**WHAT YOU ARE ASKED TO DO**
The following entries are to be retyped in full, exactly as written.

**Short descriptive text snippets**
::::::

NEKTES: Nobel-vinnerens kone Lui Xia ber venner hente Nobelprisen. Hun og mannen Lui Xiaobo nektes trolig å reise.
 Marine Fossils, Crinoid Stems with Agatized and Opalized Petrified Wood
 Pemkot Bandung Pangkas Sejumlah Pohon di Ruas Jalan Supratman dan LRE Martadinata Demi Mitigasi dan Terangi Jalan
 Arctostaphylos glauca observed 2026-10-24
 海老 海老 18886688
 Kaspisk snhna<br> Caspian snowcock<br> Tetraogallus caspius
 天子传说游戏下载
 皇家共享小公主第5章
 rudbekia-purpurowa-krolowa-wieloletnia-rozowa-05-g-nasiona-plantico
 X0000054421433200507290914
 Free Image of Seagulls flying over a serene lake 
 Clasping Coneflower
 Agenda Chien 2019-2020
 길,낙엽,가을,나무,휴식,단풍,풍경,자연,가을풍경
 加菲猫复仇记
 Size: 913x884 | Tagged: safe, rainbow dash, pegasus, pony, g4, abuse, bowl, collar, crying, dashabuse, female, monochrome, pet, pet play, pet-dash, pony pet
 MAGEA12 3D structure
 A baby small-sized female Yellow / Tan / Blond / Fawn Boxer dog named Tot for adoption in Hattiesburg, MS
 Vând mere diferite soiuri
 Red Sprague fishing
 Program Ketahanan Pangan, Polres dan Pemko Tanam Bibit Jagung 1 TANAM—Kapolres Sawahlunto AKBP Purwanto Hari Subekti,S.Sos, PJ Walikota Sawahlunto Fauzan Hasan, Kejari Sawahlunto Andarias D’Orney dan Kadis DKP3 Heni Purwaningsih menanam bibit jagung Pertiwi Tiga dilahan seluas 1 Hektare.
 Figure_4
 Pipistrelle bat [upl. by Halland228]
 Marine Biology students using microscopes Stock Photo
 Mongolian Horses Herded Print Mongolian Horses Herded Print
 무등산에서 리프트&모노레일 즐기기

::::::

**FINISHED TASK**
NEKTES: Nobel-vinnerens kone Lui Xia ber venner hente Nobelprisen. Hun og mannen Lui Xiaobo nektes trolig å reise.
 Marine Fossils, Crinoid Stems with Agatized and Opalized Petrified Wood
 Pemkot Bandung Pangkas Sejumlah Pohon di Ruas Jalan Supratman dan LRE Martadinata Demi Mitigasi dan Terangi Jalan
 Arctostaphylos glauca observed 2026-10-24
 海老 海老 18886688
 Kaspisk snhna<br> Caspian snowcock<br> Tetraogallus caspius
 天子传说游戏下载
 皇家共享小公主第5章
 rudbekia-purpurowa-krolowa-wieloletnia-rozowa-05-g-nasiona-plantico
 X0000054421433200507290914
 Free Image of Seagulls flying over a serene lake 
 Clasping Coneflower
 Agenda Chien 2019-2020
 길,낙엽,가을,나무,휴식,단풍,풍경,자연,가을풍경
 加菲猫复仇记
 Size: 913x884 | Tagged: safe, rainbow dash, pegasus, pony, g4, abuse, bowl, collar, crying, dashabuse, female, monochrome, pet, pet play, pet-dash, pony pet
 MAGEA12 3D structure
 A baby small-sized female Yellow / Tan / Blond / Fawn Boxer dog named Tot for adoption in Hattiesburg, MS
 Vând mere diferite soiuri
 Red Sprague fishing
 Program Ketahanan Pangan, Polres dan Pemko Tanam Bibit Jagung 1 TANAM—Kapolres Sawahlunto AKBP Purwanto Hari Subekti,S.Sos, PJ Walikota Sawahlunto Fauzan Hasan, Kejari Sawahlunto Andarias D’Orney dan Kadis DKP3 Heni Purwaningsih menanam bibit jagung Pertiwi Tiga dilahan seluas 1 Hektare.
 Figure_4
 Pipistrelle bat [upl. by Halland228]
 Marine Biology students using microscopes Stock Photo
 Mongolian Horses Herded Print Mongolian Horses Herded Print
 무등산에서 리프트&모노레일 즐기기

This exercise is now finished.